Always consult your tax advisor for tax information and advice.


Last Week in the News (March 2, 2009)

On Tuesday, February 24, the Conference Board reported that its consumer confidence index fell 12.4 points to 25 in February. Economists had expected the index to decrease to 35.5. In February 2008, the index was at 76.4. The index was benchmarked at 100 in 1985, a year chosen because it was neither a peak nor a trough in consumer confidence.

The Standard & Poor’s/Case-Shiller 20-city housing price index dropped a record 18.5% from December 2007 to December 2008. Since August 2006, the 20-city index has declined every month.

On Wednesday, the National Association of Realtors said existing home sales fell 5.3% in January to a seasonally adjusted annual rate of 4.49 million, from 4.74 million in December. Economists had expected an annualized rate of 4.79 million homes.

Orders for durable goods fell for a record sixth consecutive month in January.
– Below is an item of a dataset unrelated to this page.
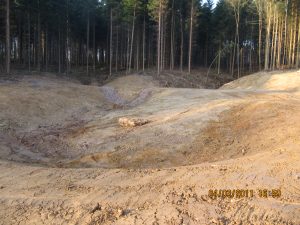 Firma 1 106 300x225 Erdarbeiten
The Commerce Department said orders dropped by 5.2%, more than twice as much as forecast.

The Commerce Department said Thursday that new home sales fell 10.2% in January to a seasonally adjusted annual rate of 309,000. It was the slowest monthly pace since recordkeeping began in 1963.

The Labor Department said initial claims for unemployment benefits rose to 667,000 from the previous week's figure of 631,000. The number of people continuing to claim jobless benefits increased by 114,000 to 5.11 million in the week ended February 14.

Upcoming on the economic calendar are reports on construction spending on March 2, pending home sales on March 3 and factory orders on March 5.

Monday, February 23, 2009



Last Week in the News (February 23, 2009)

On Tuesday, February 17, it was announced that the National Association of Home Builders/Wells Fargo housing market index rose one point to nine in February, after falling to an all-time low of eight in January. An index reading higher than 50 indicates positive sentiment about the housing market.

On Tuesday, President Barack Obama signed into law a $787 billion economic stimulus plan designed to spur consumer spending and create millions of jobs. The American Recovery and Reinvestment Act contains numerous provisions: roughly $300 billion in tax breaks for individuals and businesses, more than $250 billion in aid to distressed states, and almost $200 billion to upgrade the nation’s infrastructure. The package also includes an $8,000 tax credit for first-time homebuyers, which does not have to be repaid unless you sell your home within three years.

The Commerce Department reported Wednesday that construction of new homes and apartments fell 16.8% in January to a seasonally adjusted annual rate of 466,000 units, the lowest on record. Economists had anticipated a decline to 530,000 units. Meanwhile, building permits fell 4.8% to a rate of 521,000 units.

The Federal Reserve reported Wednesday that industrial production at the nation’s factories, mines and utilities fell 1.8% in January. Economists had expected a 1.5% decline. Manufacturing, which accounts for about four-fifths of industrial production, decreased 2.5%, utilities posted a 2.7% gain and mining output dipped 1.3%.

On Wednesday, Obama unveiled the $75 billion Homeowner Stability Initiative. The multi-step plan would help struggling homeowners by providing incentives to lenders, servicers, mortgage holders and borrowers to help modify mortgage loans. The goal is to prevent as many as nine million Americans from losing their homes to foreclosure.

The Labor Department reported the producer price index, which tracks wholesale prices, rose by 0.8% in January. It was the largest increase since July 2008. Economists had expected a 0.2% increase.

Upcoming on the economic calendar are reports on consumer confidence on February 24, and durable goods orders and new home sales on February 26.